Not too long ago I finally got a subscription to Netflix and since doing so have been wading through a plethora of films that I would otherwise never get to see. If there is one thing that a Netflix account is very good for its locating and watching rare films that your local video store doesn’t care for and will never carry.
The latest film I watched is actually a documentary on our favourite genre of them all, the horror genre. The film I watched is called Nightmare in Red White and Blue. Horror and sci-fi veteran Lance Henriksen (Alien) narrates this fascinating look at the history of the American horror film, examining the earliest monster movies of the silent era up to the scariest modern-day masterpieces.
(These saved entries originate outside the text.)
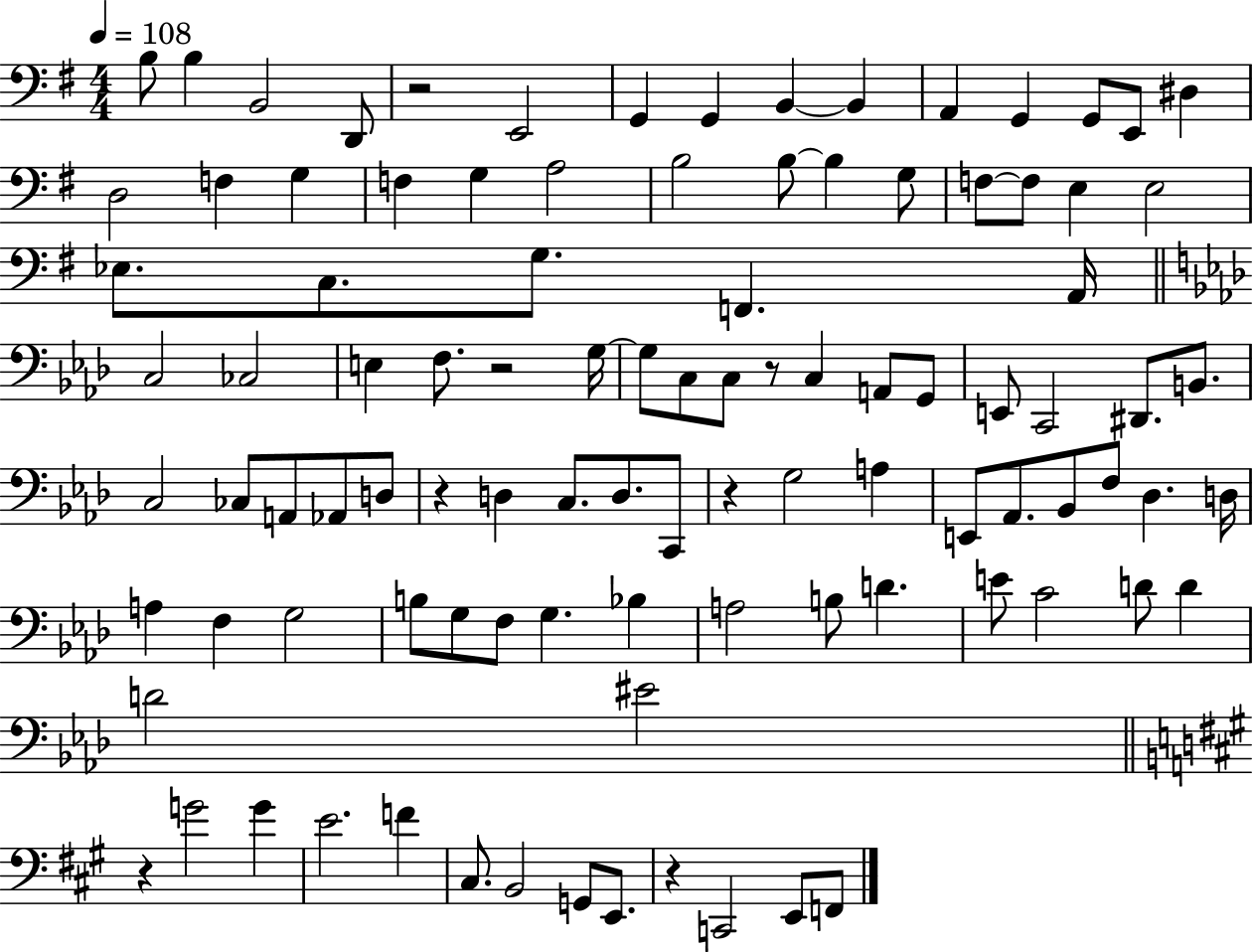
{
  \clef bass
  \numericTimeSignature
  \time 4/4
  \key g \major
  \tempo 4 = 108
  b8 b4 b,2 d,8 | r2 e,2 | g,4 g,4 b,4~~ b,4 | a,4 g,4 g,8 e,8 dis4 | \break d2 f4 g4 | f4 g4 a2 | b2 b8~~ b4 g8 | f8~~ f8 e4 e2 | \break ees8. c8. g8. f,4. a,16 | \bar "||" \break \key f \minor c2 ces2 | e4 f8. r2 g16~~ | g8 c8 c8 r8 c4 a,8 g,8 | e,8 c,2 dis,8. b,8. | \break c2 ces8 a,8 aes,8 d8 | r4 d4 c8. d8. c,8 | r4 g2 a4 | e,8 aes,8. bes,8 f8 des4. d16 | \break a4 f4 g2 | b8 g8 f8 g4. bes4 | a2 b8 d'4. | e'8 c'2 d'8 d'4 | \break d'2 eis'2 | \bar "||" \break \key a \major r4 g'2 g'4 | e'2. f'4 | cis8. b,2 g,8 e,8. | r4 c,2 e,8 f,8 | \break \bar "|."
}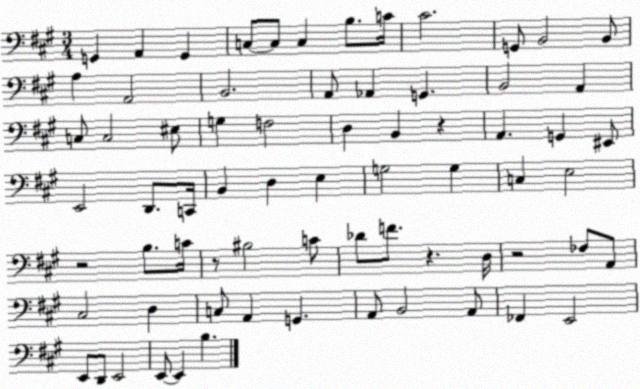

Highlights include interviews with genre masters Roger Corman, John Carpenter and George A. Romero, plus clips from classic films like The Exorcist, Night of the Living Dead and Rosemary’s Baby.
Nightmares in Red White and Blood is a look back through the years at the horror genre from its birth to its explosion in the 70’s and 80’s and its rebirth in early 2000 and its recent tendency to be commercialized and watered down or worse yet simply rehashed by Hollywood producers looking for a quick cash in on a built in audience, ala the remake of Texas Chainsaw Massacre.
The documentary is fascinating and features some of our favourite genre masters including George Romero who is an absolute delight to listen to, Larry Cohen, John Carpenter, Darren Lynn Boussman and many more. It looks at the genre not just from the angle of the filmmakers but also from the viewpoints of the audience over the generations, the political scene at the time, things that had the world captivated at that time and more importantly what scared us on screen and off screen. From Reaganism to racism and the need for society to empathize with a villain it is all covered in this in-depth documentary on the oldest genre of them all. Nightmares in Red White & Blue really does open your eyes with interesting commentary from some of the sharpest minds in horror and will make you reflect on Disney classics like Pinocchio in an all new light.
Nightmares in Red White and Blue looks back at the various sub genres of horror and dabbles in the question of what kind of freaks like horror films and who are the diabolical fiends who make them. More importantly it asks the question of whether horror fans and horror filmmakers are turning the camera on society and the reason that so many horror films and their fans are ostracized is because they are a direct reflection of society at the time. Is Hostel truly torture porn and needless sexual violence is it a look at North American arrogance and a feeling of superiority and how quickly reality can crush it.
Are horror fans truly the freaks or are the freaks the people who refuse to accept the evils in society and choose to look away or hide them behind the Saturday morning cartoons.
Nightmares in Red White and Blue is a fantastic documentary and one that every horror genre should see. Whether you are new to the genre or have loved it since childhood you will find something new and worth reflecting on in this highly though provoking look at the genre and its impact on America and the world. Nightmares in Red White & Blue is 96minutes you won’t regret spending.